The job is waiting for a dependency that's never satisfied. Such a job is pending forever. Please cancel such jobs.
’(ReqNodeNotAvail, UnavailableNodes:...)’

Some node required by the job is currently not available. The node may currently be in use, reserved for another job, in an advanced reservation, ’DOWN’, ’DRAINED’, or not responding. Most probably there is an active reservation for all nodes due to an upcoming maintenance downtime and your job isn't able to finish before the start of the downtime. Another reason why you should specify the duration of a job with --time as accurately as possible. Your job starts after the downtime has finished. You can list all active reservations using scontrol show reservation.

Can't submit future jobs?¶

sbatch: error: Batch job submission failed: Job violates accounting/QOS policy (job submit limit, user's size and/or time limits)

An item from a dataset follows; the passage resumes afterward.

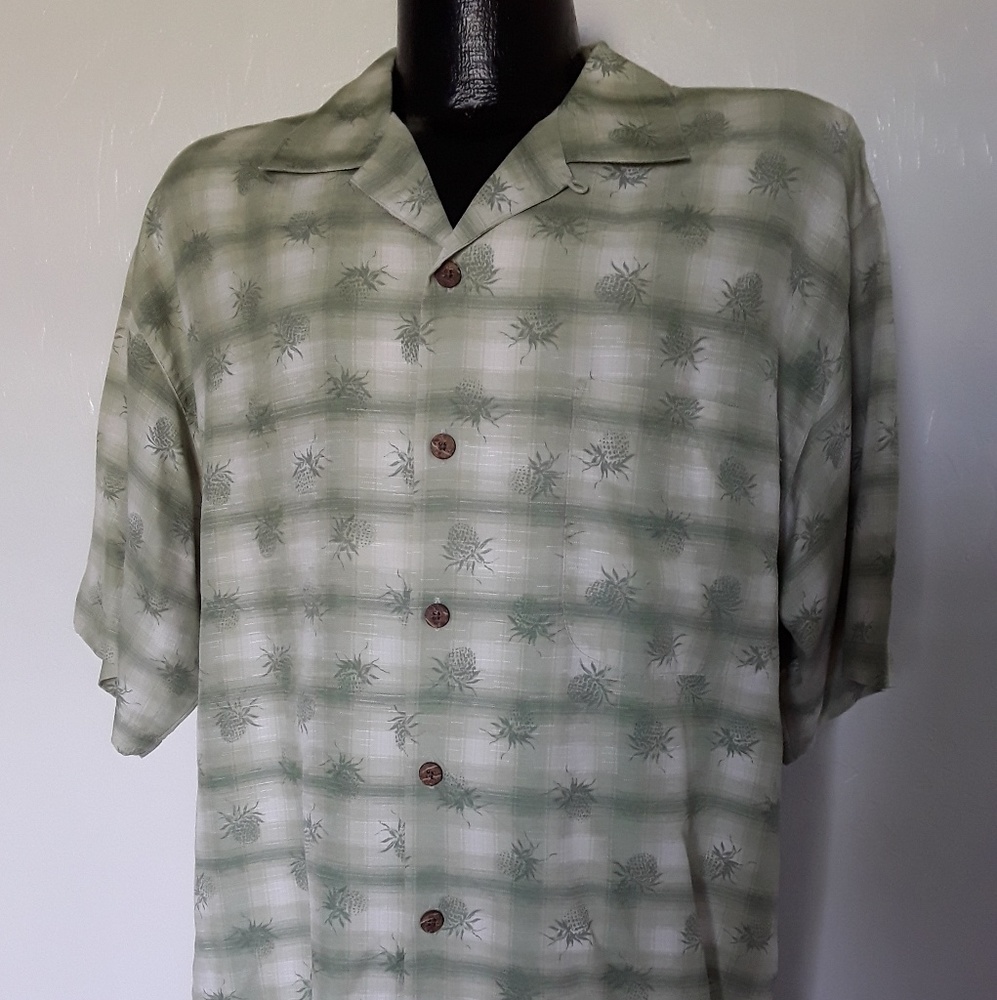 Tommy Bahama Men Silk Hawaiian Shirt Green Button Down Floral Size L Vintage Res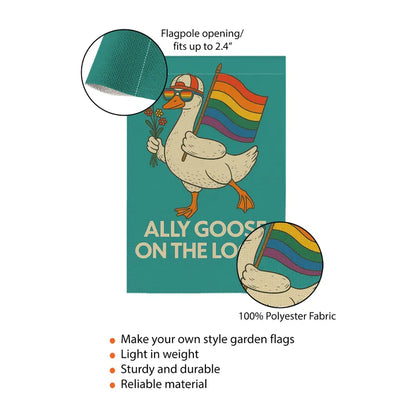 Ally Goose On The Loose Garden Flag, Funny LGBTQ Pride Yard Decor, Rainbow Duck Outdoor Sign, Queer Ally Inclusive Lawn Banner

Means that you have reached the maximum of allowed number of jobs in a specific partition.

Examples¶

List all currently running jobs of user foo:

squeue --user=foo --states=PD,R

List all currently running jobs of user ’foo’ in partition ’bar’:

squeue --user=foo --partition=bar --states=R

Scontrol¶

Use the scontrol command to see more detailed information about a job.

Syntax:

scontrol [options] [command]

Examples¶

Show detailed information about job with ID ’500’:

scontrol show jobid 500

Show even more detailed information about job with ID ’500’. More detailed information includes also the job script:

scontrol -dd show jobid 500

Sacct¶

Use the sacct command to query information about past jobs.

Syntax:

sacct [options]

Common options:

--endtime=end_time - Select jobs in any state before the specified time.
--starttime=start_time - Select jobs in any state after the specified time.
--state=state[,state[,...]] - Select jobs based on their state during the time period given. By default, the start and end times are the current time you see only currently running jobs.